O que se pode dizer bem de Cédric Kahn é sobre sua honestidade intelectual, uma certa solidez de concepção, como se pôde ver em O Tédio, seu outro filme lançado no Brasil. Neste, não deseja enaltecer um modo de vida e nem demonizá-lo. Trabalha com nuances e conflitos.

É, por assim dizer “objetivo” na maneira como aborda uma proposta alternativa em tese generosa e começa a mostrar suas fissuras internas. Não de maneira forçada, mas por que elas existem mesmo. Nora é o primeiro sinal de que algo não vai bem. Ao desistir de um tipo de vida errante, ela não abandona os filhos. Transforma-se em figura midiática ao encarnar a figura da mãe desesperada, separada dos seus filhos pequenos e que faz tudo para encontrá-los. No filme, ela aparece pouco. Nas cenas iniciais e nas finais. Mas é sempre uma persona implícita, subentendida, em especial na lembrança das duas crianças.

O principal da ação se concentra no trio – pai e dois filhos, em sua vida errante. E é sutil a transformação daquilo que parecia suprassumo da liberdade em algo próximo de uma prisão sem grades. De forma previsível, isso acontece quando os meninos crescem e se tornam rapazes. De certa forma, passa a valer a máxima “pais malucos, filhos caretas”. Mas não é apenas isso, embora também o seja. Se uma fase de crescimento e busca de autonomia parece depender da oposição a um modelo primeiro aceito como ideal, Vida Selvagem contém outras possibilidades de reflexão.

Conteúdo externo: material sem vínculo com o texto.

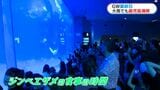 雨のゴールデンウィーク最終日 水族館・天文館は最後まで楽しみ尽くす家族でにぎわう | 鹿児島のニュース|MBC NEWS|南日本放送
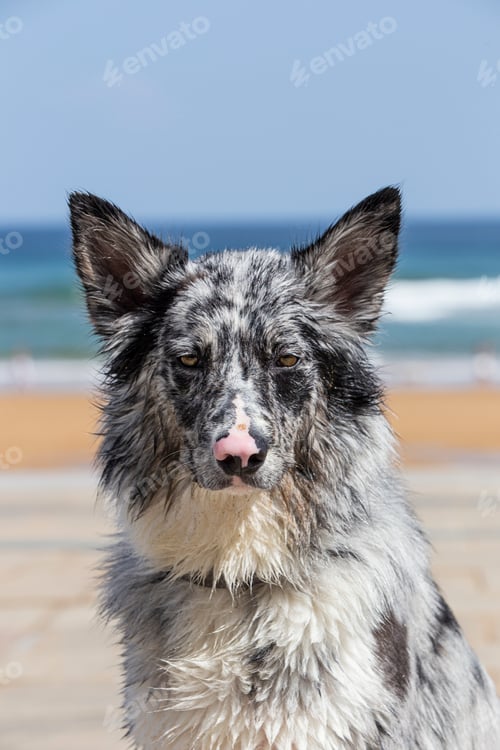 Preview: Charming adorable blue merle and white male border collie outdoors portrait on the beach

Por exemplo, sobre a dificuldade, senão a impossibilidade, de se colocar por completo “à margem” do mundo, como deseja Paco. Essa atitude pode ter muito de voluntarista. Ele mesmo não é uma figura passiva, “da paz”, que tudo aceita e deixa a vida correr. É antes o contrário. Da maneira como o imagina Cédric Kahn, e tão bem o interpreta Kassovitz, Paco é bastante ativo e chega a ser agressivo na defesa dos seus pontos de vista. Quando ameaçado, pode mesmo se tornar desagradável para quem o rodeia e por seus próprios filhos.

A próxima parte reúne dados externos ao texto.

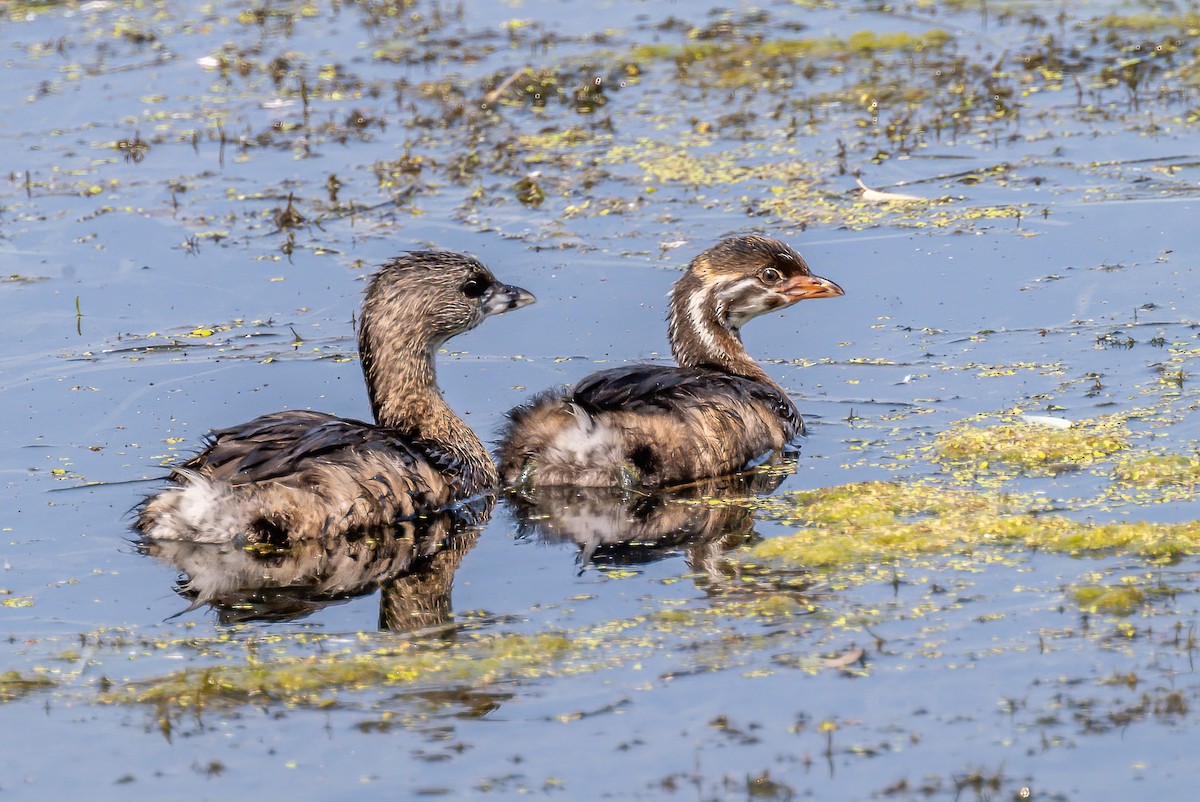 Pied-billed Grebe - ML623733111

No entanto, é como se a sociedade mais ampla, o “sistema”, como diz Paco, e diziam todos os alternativos daquele tempo, se infiltrasse sutilmente com seus valores egoísticos e corroesse as bases de quem procura a ele escapar. Como se não houvesse, em toda a sociedade, nem mesmo em seus rincões mais remotos, algum local em que se possa de fato estar fora de tudo. Quer dizer, da economia, das relações humanas menos amigáveis e, por fim, da lei e da justiça.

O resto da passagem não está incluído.